◆ EXERCISE
All records below are to be set down precisely as written, excluding pictures.

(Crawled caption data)
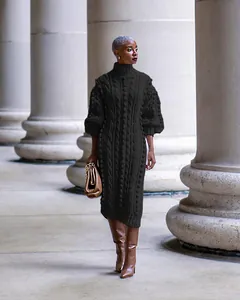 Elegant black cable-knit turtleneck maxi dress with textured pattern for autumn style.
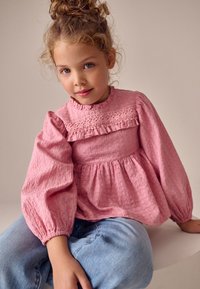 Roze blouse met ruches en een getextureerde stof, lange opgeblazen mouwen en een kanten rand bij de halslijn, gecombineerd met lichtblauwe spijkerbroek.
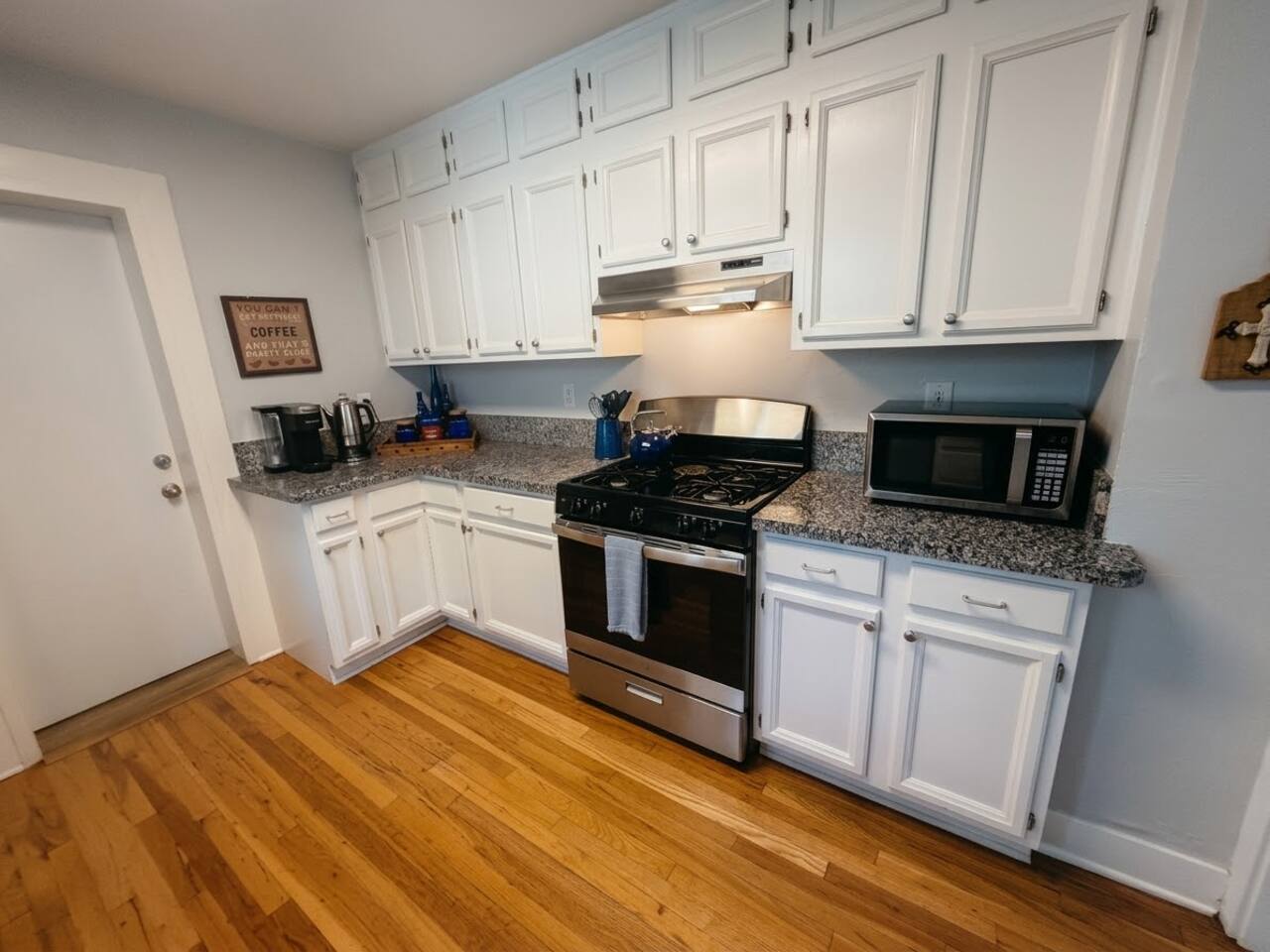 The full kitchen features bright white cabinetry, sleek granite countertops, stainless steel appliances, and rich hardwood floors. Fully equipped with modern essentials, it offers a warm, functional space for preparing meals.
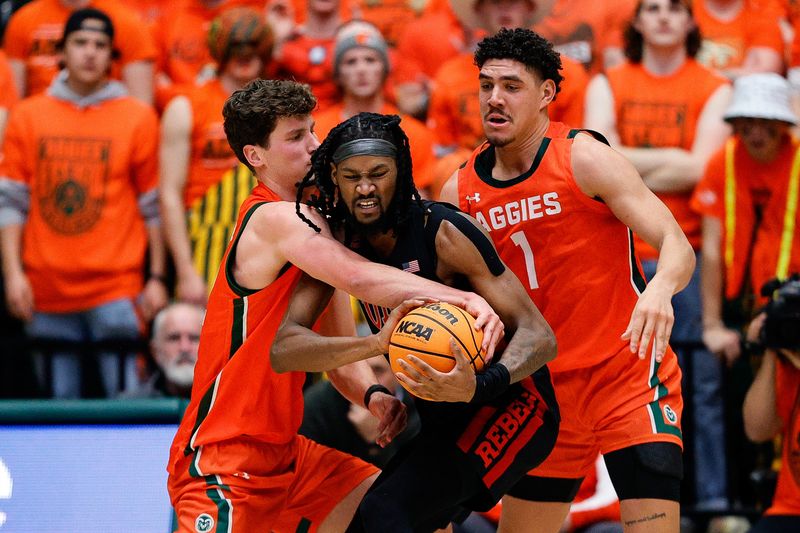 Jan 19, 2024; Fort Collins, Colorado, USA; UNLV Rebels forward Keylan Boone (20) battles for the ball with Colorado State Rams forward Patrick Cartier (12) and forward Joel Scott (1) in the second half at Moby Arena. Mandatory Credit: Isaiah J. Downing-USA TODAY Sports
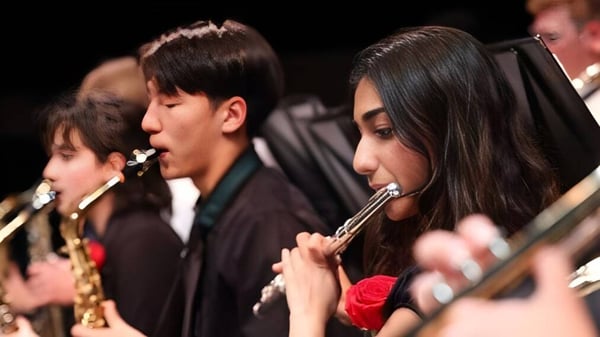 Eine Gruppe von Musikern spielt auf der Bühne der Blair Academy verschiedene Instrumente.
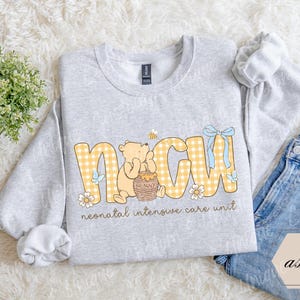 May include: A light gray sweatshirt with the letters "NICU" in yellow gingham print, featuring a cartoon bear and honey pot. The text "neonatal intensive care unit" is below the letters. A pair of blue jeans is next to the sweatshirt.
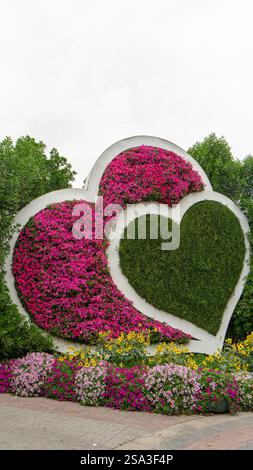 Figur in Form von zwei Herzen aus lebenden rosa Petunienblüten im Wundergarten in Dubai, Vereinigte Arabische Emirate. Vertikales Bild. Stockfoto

◆ EXERCISE SOLUTION
 Elegant black cable-knit turtleneck maxi dress with textured pattern for autumn style.
 Roze blouse met ruches en een getextureerde stof, lange opgeblazen mouwen en een kanten rand bij de halslijn, gecombineerd met lichtblauwe spijkerbroek.
 The full kitchen features bright white cabinetry, sleek granite countertops, stainless steel appliances, and rich hardwood floors. Fully equipped with modern essentials, it offers a warm, functional space for preparing meals.
 Jan 19, 2024; Fort Collins, Colorado, USA; UNLV Rebels forward Keylan Boone (20) battles for the ball with Colorado State Rams forward Patrick Cartier (12) and forward Joel Scott (1) in the second half at Moby Arena. Mandatory Credit: Isaiah J. Downing-USA TODAY Sports
 Eine Gruppe von Musikern spielt auf der Bühne der Blair Academy verschiedene Instrumente.
 May include: A light gray sweatshirt with the letters "NICU" in yellow gingham print, featuring a cartoon bear and honey pot. The text "neonatal intensive care unit" is below the letters. A pair of blue jeans is next to the sweatshirt.
 Figur in Form von zwei Herzen aus lebenden rosa Petunienblüten im Wundergarten in Dubai, Vereinigte Arabische Emirate. Vertikales Bild. Stockfoto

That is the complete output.